Copy out the lines of the records below, and only those lines, from the one with "Тристаен апартамент в" through the one with "Opel Kadett C", exactly as they appear.
•••
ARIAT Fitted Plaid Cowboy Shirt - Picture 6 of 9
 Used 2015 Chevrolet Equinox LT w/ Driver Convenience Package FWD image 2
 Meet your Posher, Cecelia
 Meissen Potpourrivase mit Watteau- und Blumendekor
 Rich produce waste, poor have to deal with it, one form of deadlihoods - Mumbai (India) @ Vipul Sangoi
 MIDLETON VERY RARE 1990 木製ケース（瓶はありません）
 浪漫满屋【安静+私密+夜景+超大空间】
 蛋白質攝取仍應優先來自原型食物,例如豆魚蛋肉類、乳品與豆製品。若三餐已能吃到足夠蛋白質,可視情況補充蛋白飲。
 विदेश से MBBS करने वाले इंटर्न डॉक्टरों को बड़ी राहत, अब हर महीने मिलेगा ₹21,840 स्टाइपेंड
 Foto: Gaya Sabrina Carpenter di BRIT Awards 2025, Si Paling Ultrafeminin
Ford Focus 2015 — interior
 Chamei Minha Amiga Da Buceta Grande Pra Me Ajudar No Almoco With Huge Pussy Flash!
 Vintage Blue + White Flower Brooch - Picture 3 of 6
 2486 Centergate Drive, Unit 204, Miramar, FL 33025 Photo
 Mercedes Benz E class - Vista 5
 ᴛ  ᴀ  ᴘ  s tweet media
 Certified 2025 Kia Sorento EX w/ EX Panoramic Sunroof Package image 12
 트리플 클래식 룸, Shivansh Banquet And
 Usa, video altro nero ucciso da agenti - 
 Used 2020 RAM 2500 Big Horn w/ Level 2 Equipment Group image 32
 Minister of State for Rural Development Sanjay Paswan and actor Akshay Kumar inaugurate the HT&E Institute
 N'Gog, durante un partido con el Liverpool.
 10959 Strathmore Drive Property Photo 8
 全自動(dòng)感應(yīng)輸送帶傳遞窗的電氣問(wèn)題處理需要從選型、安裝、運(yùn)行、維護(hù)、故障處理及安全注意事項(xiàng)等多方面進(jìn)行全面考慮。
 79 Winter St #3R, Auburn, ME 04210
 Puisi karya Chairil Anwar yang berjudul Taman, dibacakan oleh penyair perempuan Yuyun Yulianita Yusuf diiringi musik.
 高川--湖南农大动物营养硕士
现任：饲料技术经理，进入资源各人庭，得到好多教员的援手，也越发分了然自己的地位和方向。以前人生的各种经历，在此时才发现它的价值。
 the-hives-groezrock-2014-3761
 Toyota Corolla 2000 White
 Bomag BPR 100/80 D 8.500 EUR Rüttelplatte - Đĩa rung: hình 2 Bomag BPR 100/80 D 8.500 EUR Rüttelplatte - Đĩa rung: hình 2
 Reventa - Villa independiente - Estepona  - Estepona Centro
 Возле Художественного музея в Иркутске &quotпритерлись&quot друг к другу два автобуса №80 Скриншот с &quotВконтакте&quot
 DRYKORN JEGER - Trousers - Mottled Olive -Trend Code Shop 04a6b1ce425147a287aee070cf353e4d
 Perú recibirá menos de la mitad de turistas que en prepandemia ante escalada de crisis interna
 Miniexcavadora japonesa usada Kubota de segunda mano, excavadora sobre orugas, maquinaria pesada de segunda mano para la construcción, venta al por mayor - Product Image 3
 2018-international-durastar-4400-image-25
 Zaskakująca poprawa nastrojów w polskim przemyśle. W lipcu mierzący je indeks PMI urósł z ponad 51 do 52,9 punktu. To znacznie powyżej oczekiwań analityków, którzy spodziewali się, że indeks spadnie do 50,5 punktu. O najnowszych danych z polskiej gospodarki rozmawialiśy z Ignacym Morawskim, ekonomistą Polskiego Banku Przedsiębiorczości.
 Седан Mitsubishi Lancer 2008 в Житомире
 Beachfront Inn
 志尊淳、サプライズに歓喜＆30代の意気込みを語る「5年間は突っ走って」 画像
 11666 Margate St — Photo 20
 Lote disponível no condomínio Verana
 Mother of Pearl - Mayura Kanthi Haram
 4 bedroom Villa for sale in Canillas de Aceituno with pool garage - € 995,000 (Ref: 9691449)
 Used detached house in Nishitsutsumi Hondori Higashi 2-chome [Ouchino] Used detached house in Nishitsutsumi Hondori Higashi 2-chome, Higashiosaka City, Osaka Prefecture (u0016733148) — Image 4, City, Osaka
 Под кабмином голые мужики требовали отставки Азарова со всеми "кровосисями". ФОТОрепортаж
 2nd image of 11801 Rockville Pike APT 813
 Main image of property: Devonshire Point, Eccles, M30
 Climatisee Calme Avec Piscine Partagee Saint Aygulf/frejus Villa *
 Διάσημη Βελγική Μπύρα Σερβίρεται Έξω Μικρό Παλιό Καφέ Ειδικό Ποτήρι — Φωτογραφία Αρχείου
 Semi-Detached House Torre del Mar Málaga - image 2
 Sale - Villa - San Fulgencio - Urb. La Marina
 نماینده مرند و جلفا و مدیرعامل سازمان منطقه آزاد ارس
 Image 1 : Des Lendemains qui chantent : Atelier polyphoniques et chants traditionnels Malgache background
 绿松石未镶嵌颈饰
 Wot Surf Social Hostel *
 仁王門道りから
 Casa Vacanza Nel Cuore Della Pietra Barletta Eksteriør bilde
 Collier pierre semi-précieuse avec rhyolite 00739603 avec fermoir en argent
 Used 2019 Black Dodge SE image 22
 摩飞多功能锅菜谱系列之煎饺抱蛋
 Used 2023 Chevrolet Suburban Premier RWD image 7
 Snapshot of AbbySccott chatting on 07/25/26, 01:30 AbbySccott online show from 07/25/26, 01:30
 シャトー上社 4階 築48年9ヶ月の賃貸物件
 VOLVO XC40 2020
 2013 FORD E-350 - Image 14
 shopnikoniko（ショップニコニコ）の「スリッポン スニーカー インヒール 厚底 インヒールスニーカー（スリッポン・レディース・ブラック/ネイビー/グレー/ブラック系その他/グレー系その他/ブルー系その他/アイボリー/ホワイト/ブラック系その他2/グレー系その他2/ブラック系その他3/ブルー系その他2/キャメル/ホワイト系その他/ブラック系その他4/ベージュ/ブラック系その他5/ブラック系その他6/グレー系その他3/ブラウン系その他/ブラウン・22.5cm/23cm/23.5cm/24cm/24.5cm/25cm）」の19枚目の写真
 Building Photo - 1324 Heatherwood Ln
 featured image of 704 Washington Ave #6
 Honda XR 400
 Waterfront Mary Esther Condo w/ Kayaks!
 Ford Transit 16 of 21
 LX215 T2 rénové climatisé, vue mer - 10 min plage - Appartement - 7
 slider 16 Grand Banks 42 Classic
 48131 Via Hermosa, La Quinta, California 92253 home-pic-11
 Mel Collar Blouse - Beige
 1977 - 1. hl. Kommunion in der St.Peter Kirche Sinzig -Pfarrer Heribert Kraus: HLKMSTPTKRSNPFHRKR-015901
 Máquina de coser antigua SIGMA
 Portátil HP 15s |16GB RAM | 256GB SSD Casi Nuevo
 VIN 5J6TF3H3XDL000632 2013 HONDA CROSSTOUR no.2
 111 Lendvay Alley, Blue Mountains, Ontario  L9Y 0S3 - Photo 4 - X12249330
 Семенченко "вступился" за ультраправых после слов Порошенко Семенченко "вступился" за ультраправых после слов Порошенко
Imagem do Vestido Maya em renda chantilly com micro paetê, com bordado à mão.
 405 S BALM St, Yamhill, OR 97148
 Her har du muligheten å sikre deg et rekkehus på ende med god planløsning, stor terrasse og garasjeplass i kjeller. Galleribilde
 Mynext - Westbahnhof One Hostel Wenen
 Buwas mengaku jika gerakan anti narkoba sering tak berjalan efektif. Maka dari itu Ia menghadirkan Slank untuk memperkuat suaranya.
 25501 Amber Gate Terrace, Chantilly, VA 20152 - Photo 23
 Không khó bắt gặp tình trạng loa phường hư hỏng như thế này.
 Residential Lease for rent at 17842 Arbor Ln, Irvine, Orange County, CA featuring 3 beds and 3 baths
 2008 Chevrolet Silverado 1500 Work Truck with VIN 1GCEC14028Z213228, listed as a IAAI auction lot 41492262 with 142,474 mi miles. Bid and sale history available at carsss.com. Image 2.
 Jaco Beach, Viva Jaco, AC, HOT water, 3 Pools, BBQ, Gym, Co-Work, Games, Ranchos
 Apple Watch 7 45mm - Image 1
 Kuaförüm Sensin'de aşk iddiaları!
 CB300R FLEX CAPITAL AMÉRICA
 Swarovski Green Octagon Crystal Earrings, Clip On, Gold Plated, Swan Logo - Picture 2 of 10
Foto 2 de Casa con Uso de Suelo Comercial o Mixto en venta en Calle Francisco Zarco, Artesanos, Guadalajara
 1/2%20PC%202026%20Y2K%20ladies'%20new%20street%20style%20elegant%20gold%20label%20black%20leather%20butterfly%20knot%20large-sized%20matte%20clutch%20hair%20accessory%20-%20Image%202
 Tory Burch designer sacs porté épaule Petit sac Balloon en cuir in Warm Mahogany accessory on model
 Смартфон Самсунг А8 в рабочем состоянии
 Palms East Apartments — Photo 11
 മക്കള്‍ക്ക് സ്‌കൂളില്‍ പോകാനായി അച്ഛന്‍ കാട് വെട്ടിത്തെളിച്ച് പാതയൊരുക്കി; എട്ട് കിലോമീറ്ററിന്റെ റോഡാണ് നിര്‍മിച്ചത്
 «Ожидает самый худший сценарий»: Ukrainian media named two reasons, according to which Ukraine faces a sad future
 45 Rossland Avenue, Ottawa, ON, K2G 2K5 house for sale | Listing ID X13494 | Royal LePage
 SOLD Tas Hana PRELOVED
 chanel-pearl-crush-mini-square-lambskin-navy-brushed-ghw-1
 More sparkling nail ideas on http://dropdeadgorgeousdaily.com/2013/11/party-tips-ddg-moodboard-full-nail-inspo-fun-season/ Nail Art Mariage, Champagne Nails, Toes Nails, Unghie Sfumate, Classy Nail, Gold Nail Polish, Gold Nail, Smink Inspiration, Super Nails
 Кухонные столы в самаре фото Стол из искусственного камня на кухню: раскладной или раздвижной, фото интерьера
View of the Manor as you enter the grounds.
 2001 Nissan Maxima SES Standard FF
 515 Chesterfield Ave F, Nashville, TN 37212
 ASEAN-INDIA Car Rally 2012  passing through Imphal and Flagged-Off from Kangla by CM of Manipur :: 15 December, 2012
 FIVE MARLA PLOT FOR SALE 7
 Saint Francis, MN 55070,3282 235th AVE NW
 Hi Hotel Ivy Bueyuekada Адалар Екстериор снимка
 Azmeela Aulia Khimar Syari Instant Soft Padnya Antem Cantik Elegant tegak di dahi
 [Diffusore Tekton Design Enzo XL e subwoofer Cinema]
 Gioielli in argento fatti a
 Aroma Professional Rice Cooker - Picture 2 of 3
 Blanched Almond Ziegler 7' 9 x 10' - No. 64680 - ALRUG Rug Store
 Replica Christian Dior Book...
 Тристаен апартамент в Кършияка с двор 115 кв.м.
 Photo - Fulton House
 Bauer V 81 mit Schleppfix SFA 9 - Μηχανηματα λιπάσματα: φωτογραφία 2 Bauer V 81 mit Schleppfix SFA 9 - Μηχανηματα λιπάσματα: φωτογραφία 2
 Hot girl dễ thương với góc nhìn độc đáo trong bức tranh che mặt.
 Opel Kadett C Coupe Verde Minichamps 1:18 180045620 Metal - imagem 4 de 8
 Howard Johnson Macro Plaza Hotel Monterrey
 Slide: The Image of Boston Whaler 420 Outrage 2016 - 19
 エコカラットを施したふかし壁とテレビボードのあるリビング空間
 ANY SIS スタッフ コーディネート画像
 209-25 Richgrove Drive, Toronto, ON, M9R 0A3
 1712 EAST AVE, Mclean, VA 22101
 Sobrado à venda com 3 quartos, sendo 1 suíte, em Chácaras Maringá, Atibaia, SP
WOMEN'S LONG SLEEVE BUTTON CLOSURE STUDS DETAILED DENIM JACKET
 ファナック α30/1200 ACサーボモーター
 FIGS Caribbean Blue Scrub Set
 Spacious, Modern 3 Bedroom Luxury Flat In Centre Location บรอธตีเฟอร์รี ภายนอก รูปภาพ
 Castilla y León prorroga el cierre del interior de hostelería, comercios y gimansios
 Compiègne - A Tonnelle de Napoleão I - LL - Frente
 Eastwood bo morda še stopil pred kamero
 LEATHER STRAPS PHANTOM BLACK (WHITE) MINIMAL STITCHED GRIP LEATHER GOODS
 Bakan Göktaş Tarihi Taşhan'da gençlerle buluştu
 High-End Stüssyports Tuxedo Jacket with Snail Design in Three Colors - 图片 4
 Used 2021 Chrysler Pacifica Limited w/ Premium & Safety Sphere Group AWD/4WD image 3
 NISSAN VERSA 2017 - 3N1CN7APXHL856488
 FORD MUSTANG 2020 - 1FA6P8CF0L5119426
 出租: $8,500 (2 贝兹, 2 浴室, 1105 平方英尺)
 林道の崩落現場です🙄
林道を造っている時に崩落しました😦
•••
*Task output*:
 Тристаен апартамент в Кършияка с двор 115 кв.м.
 Photo - Fulton House
 Bauer V 81 mit Schleppfix SFA 9 - Μηχανηματα λιπάσματα: φωτογραφία 2 Bauer V 81 mit Schleppfix SFA 9 - Μηχανηματα λιπάσματα: φωτογραφία 2
 Hot girl dễ thương với góc nhìn độc đáo trong bức tranh che mặt.
 Opel Kadett C Coupe Verde Minichamps 1:18 180045620 Metal - imagem 4 de 8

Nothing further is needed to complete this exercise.